[Data for this task]
+-------+
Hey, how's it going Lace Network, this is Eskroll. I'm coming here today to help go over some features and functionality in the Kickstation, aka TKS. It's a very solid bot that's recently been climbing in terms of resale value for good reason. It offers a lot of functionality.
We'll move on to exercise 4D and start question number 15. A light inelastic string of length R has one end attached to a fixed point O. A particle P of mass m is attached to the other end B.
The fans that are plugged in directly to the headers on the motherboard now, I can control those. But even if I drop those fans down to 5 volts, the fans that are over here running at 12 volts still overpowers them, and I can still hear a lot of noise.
+-------+
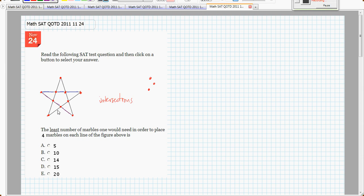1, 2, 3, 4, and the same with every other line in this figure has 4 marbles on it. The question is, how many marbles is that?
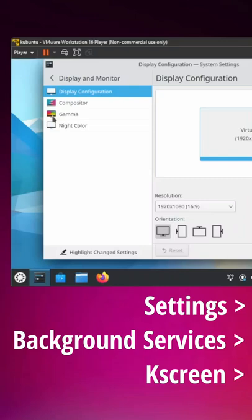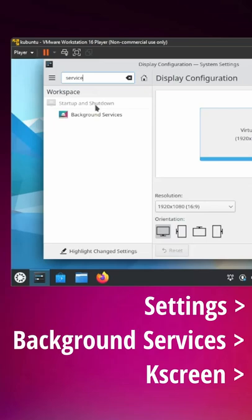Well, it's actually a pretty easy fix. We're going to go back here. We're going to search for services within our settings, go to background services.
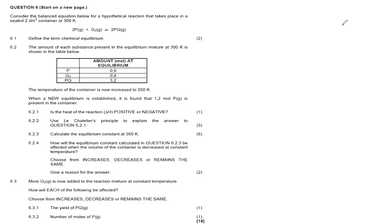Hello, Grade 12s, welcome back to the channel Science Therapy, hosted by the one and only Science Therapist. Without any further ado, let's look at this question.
+-------+
From the data above, output exactly the lines between the one containing "Hey, how's it" and the one containing "The fans that are plugged", counting both of them.

Hey, how's it going Lace Network, this is Eskroll. I'm coming here today to help go over some features and functionality in the Kickstation, aka TKS. It's a very solid bot that's recently been climbing in terms of resale value for good reason. It offers a lot of functionality.
We'll move on to exercise 4D and start question number 15. A light inelastic string of length R has one end attached to a fixed point O. A particle P of mass m is attached to the other end B.
The fans that are plugged in directly to the headers on the motherboard now, I can control those. But even if I drop those fans down to 5 volts, the fans that are over here running at 12 volts still overpowers them, and I can still hear a lot of noise.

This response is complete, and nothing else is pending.